WHAT NEEDS TO BE DONE >> Lines outside the range are not wanted. Give again exactly the lines between the line holding "Villa, Järpvägen 6, Järfälla" and the line holding "Alessio Gastaldi", inclusive, from the listing below.

(EXCERPTED DATA begins)

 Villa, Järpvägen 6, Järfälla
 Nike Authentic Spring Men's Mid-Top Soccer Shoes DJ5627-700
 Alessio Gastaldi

(EXCERPTED DATA ends)
(EXCERPTED DATA begins)

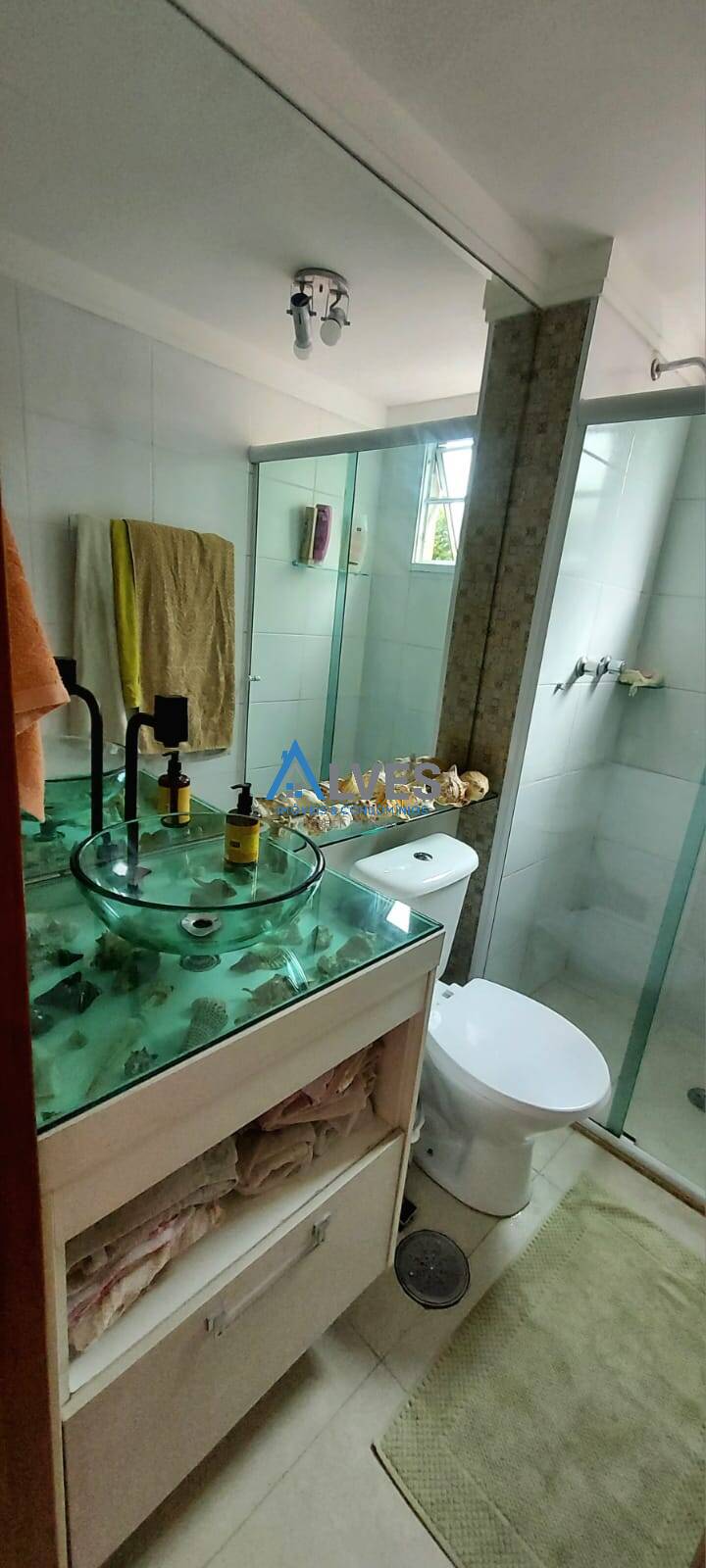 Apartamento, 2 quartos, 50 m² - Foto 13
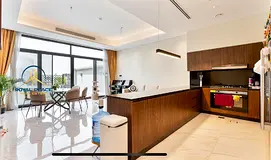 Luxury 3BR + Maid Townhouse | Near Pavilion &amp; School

(EXCERPTED DATA ends)
(EXCERPTED DATA begins)

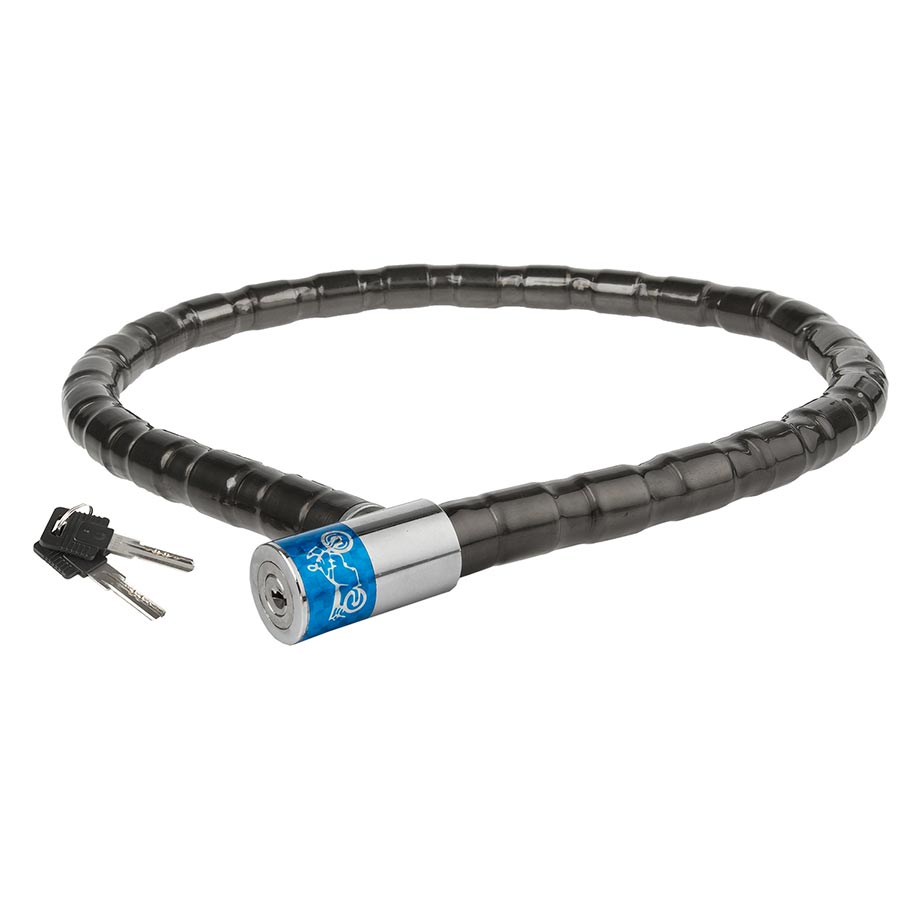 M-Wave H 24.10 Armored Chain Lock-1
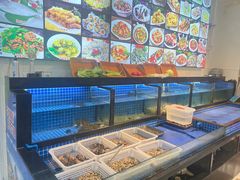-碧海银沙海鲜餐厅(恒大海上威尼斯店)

(EXCERPTED DATA ends)

THE ANSWER >>
 Villa, Järpvägen 6, Järfälla
 Nike Authentic Spring Men's Mid-Top Soccer Shoes DJ5627-700
 Alessio Gastaldi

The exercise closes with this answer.